• **DIRECTIONS**
Output exactly the lines that run from the start of the records to the line with "new 2025 Honda CR-V car, priced at $36,000", counting both ends, and skip the pictures.

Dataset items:

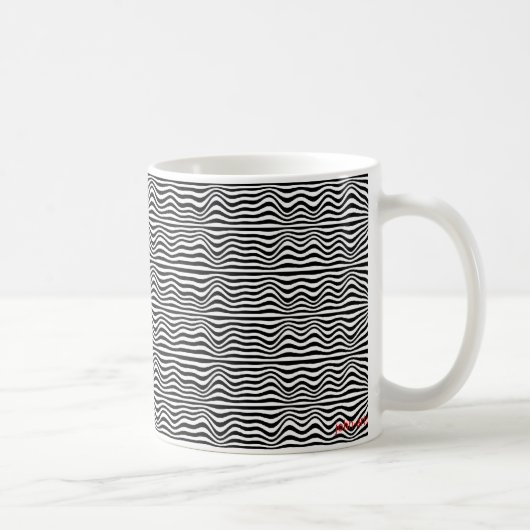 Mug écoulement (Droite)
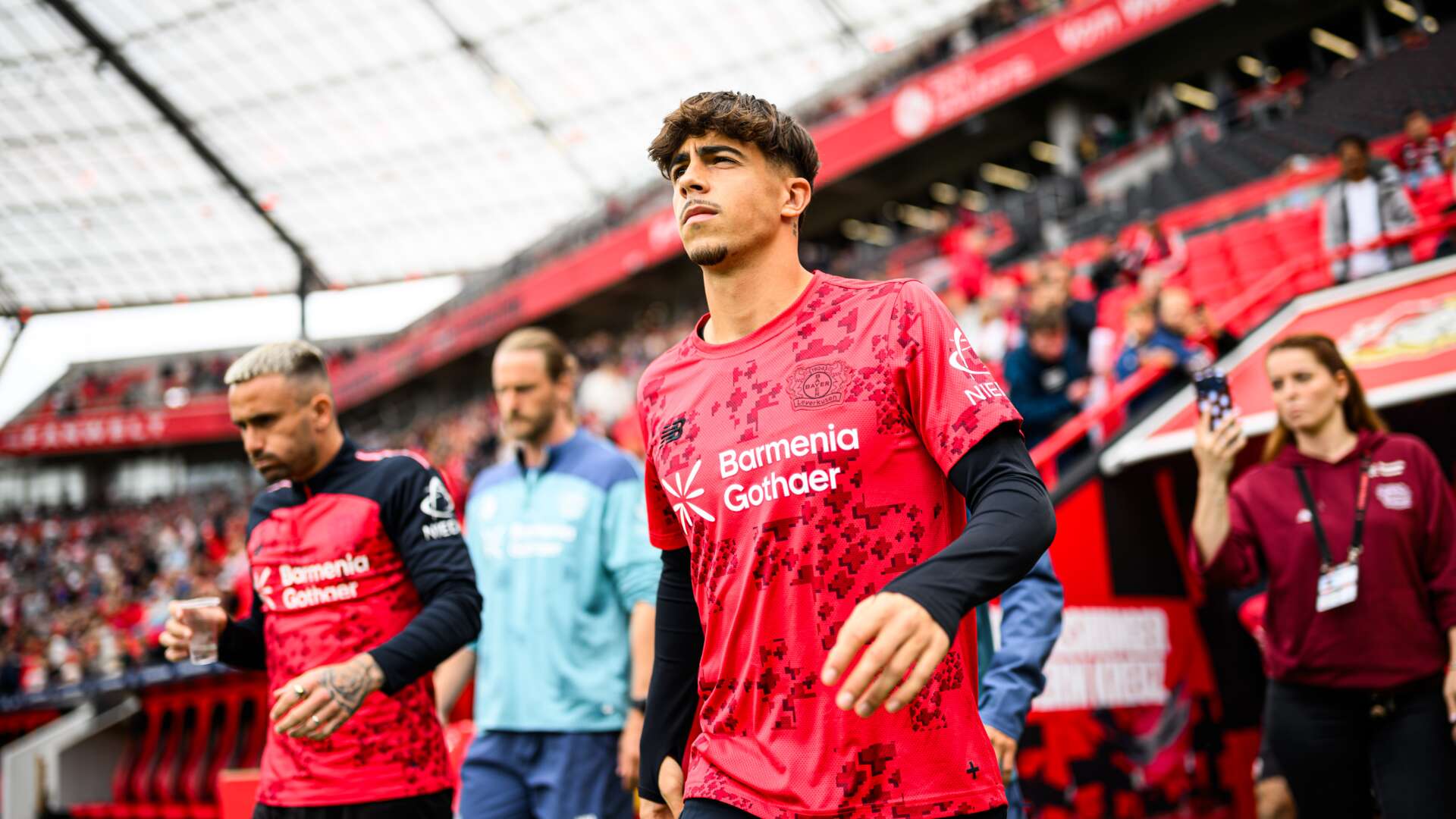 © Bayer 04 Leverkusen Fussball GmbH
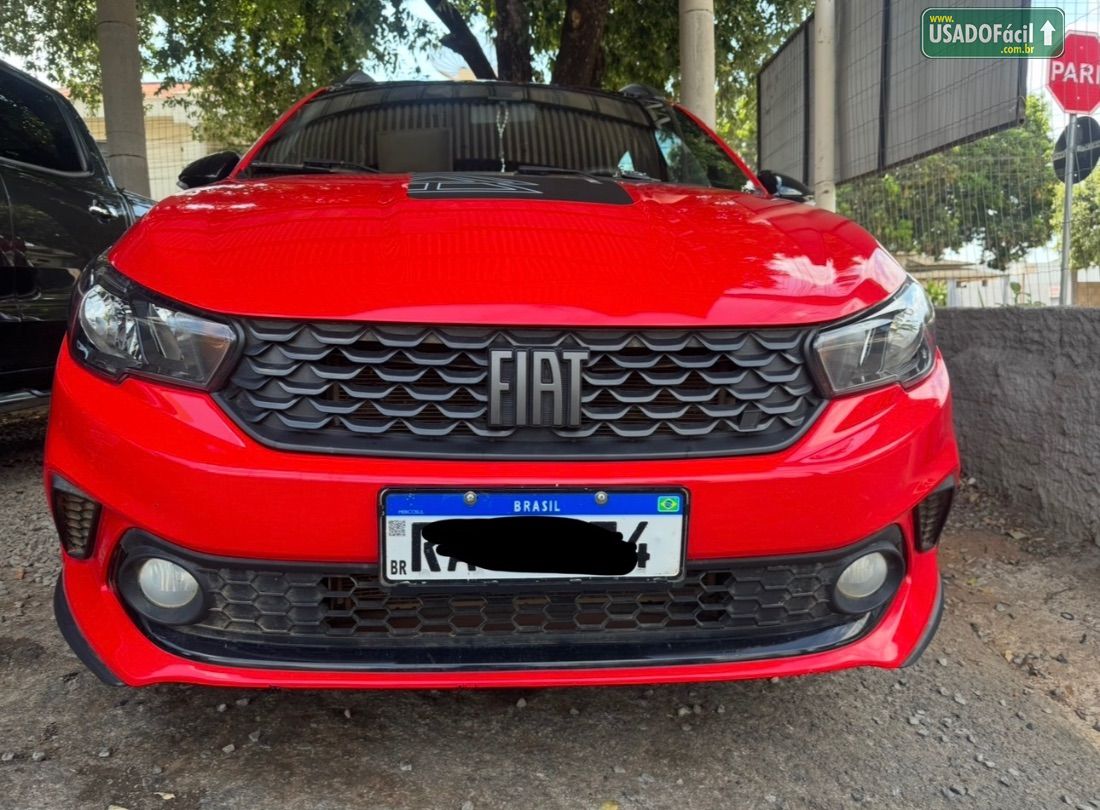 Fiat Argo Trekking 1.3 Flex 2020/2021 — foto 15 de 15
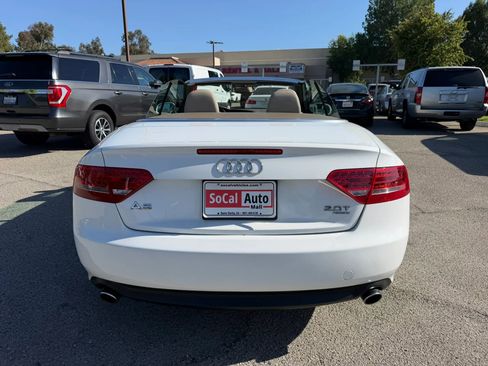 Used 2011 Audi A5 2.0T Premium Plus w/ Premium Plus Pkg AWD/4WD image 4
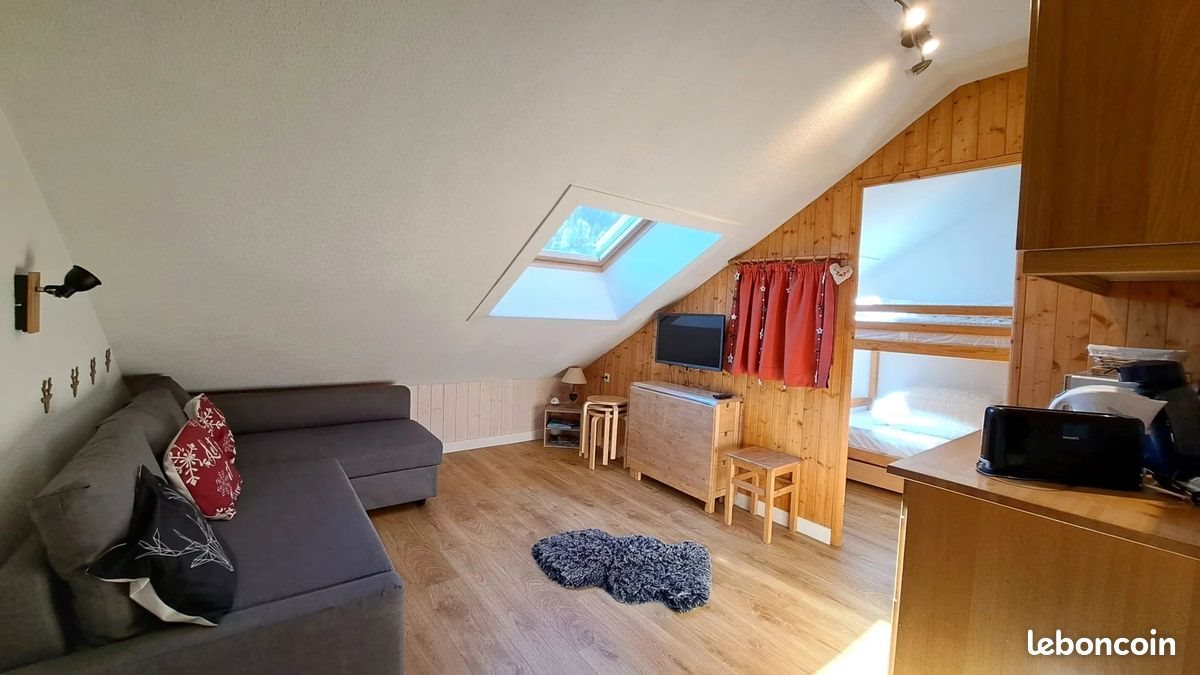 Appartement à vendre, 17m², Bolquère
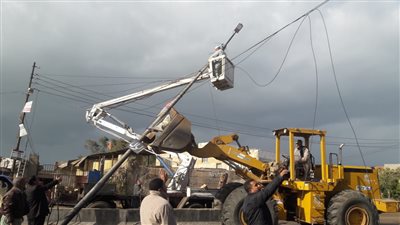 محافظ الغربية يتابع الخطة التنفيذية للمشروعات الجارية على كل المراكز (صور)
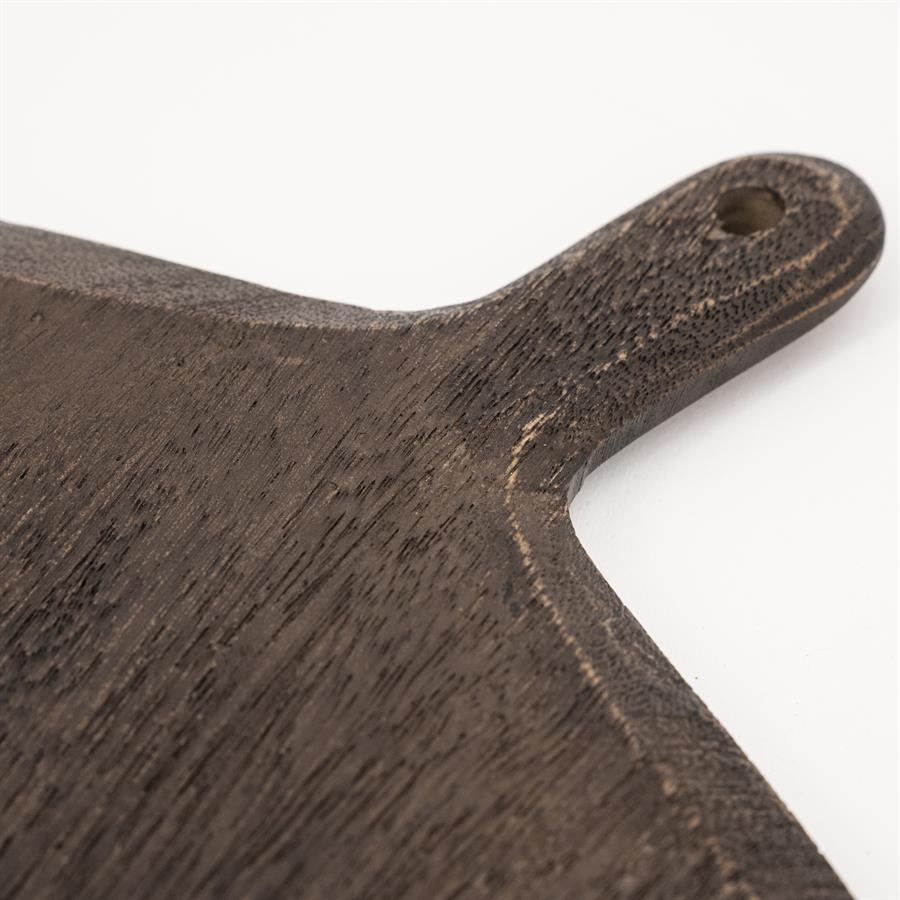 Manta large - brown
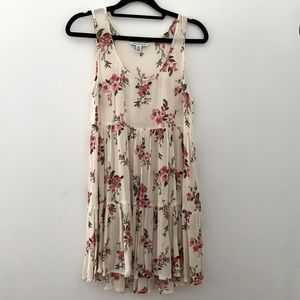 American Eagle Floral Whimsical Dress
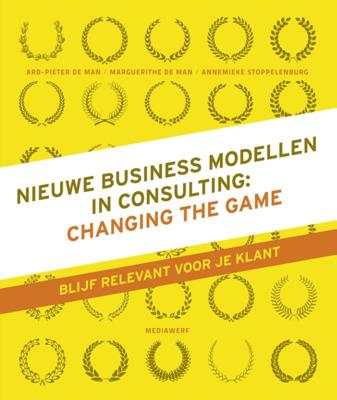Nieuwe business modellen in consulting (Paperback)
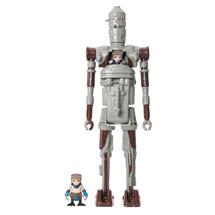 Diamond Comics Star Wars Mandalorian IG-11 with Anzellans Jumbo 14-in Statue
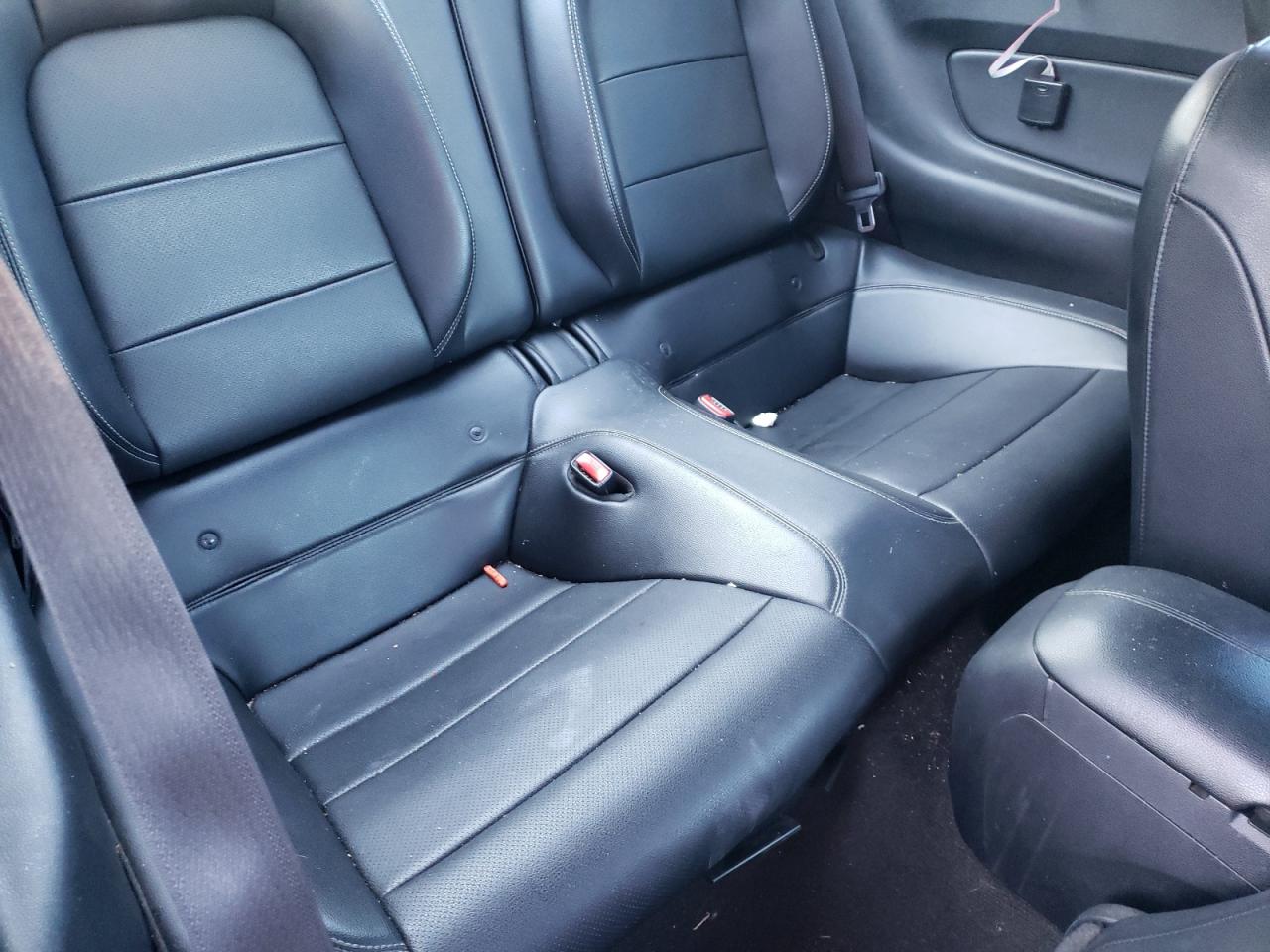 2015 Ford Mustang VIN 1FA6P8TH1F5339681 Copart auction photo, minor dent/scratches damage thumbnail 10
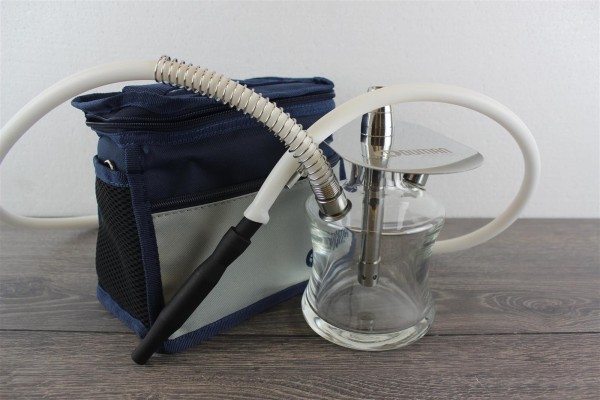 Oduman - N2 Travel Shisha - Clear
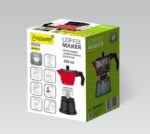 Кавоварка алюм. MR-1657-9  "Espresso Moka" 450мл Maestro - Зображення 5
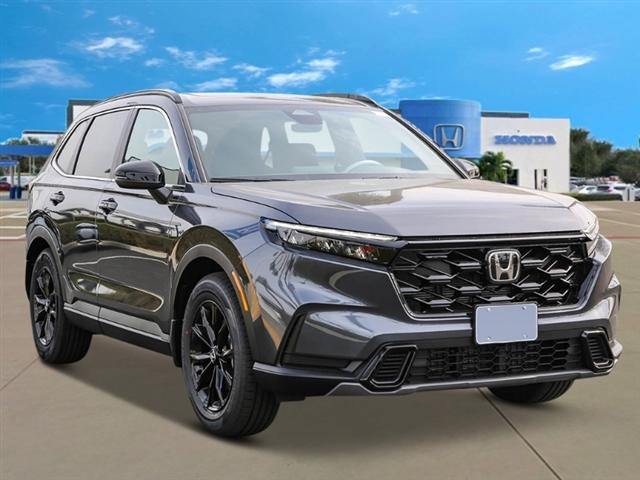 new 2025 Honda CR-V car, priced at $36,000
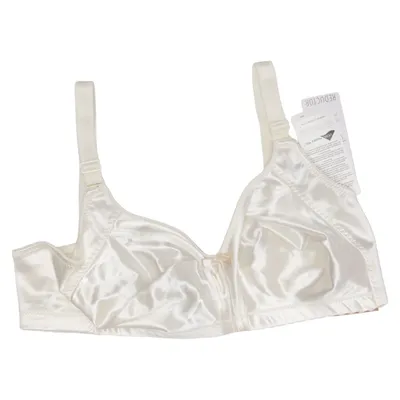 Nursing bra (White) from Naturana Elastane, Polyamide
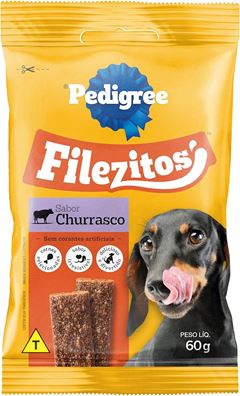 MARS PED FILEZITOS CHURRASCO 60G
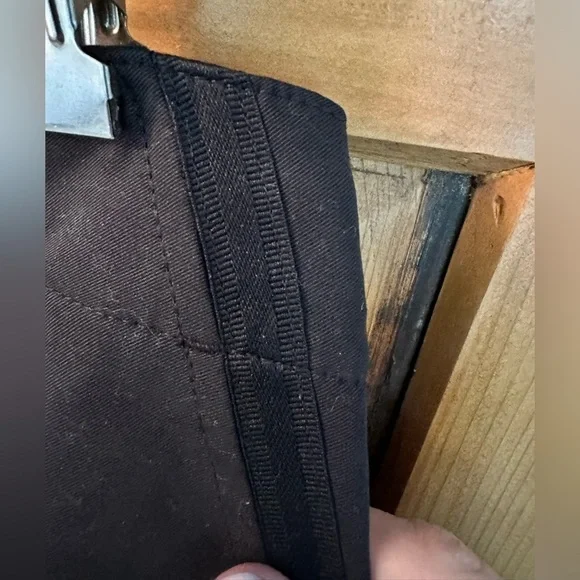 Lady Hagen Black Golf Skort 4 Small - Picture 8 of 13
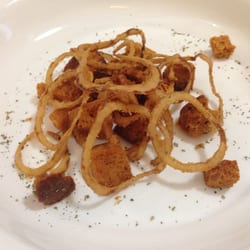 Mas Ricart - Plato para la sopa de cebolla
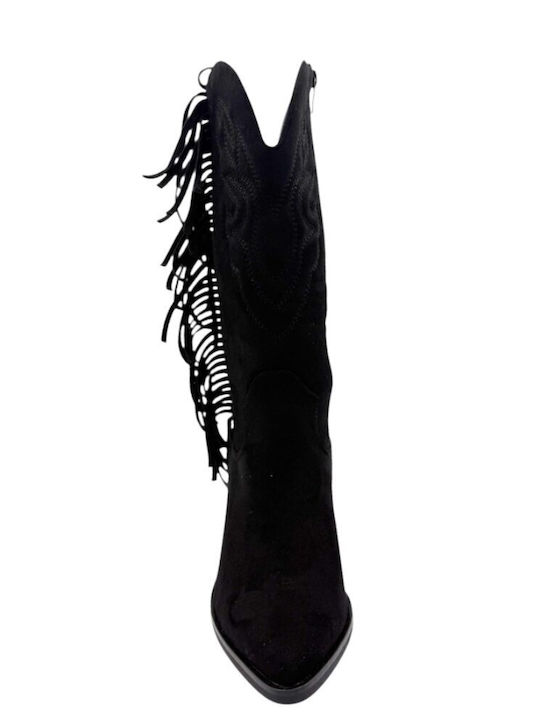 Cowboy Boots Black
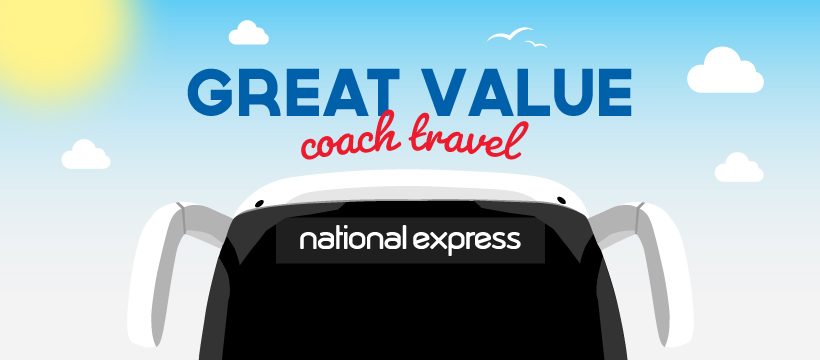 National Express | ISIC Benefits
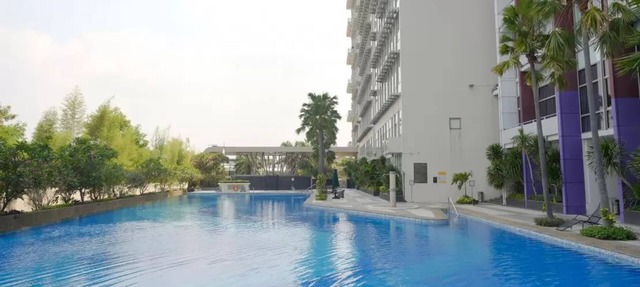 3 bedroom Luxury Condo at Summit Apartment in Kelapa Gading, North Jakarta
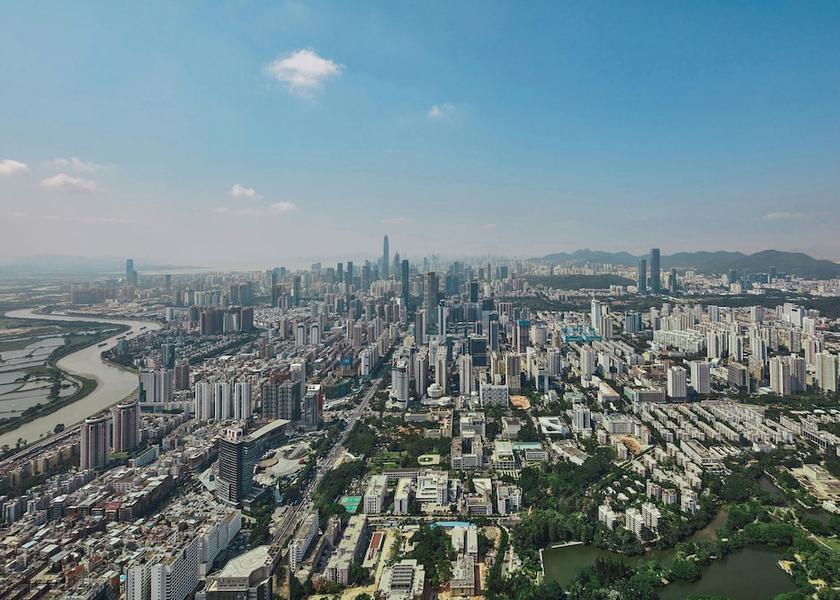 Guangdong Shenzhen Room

• **EXPECTED ANSWER**
 Mug écoulement (Droite)
 © Bayer 04 Leverkusen Fussball GmbH
 Fiat Argo Trekking 1.3 Flex 2020/2021 — foto 15 de 15
 Used 2011 Audi A5 2.0T Premium Plus w/ Premium Plus Pkg AWD/4WD image 4
 Appartement à vendre, 17m², Bolquère
 محافظ الغربية يتابع الخطة التنفيذية للمشروعات الجارية على كل المراكز (صور)
 Manta large - brown
 American Eagle Floral Whimsical Dress
Nieuwe business modellen in consulting (Paperback)
 Diamond Comics Star Wars Mandalorian IG-11 with Anzellans Jumbo 14-in Statue
 2015 Ford Mustang VIN 1FA6P8TH1F5339681 Copart auction photo, minor dent/scratches damage thumbnail 10
 Oduman - N2 Travel Shisha - Clear
 Кавоварка алюм. MR-1657-9  "Espresso Moka" 450мл Maestro - Зображення 5
 new 2025 Honda CR-V car, priced at $36,000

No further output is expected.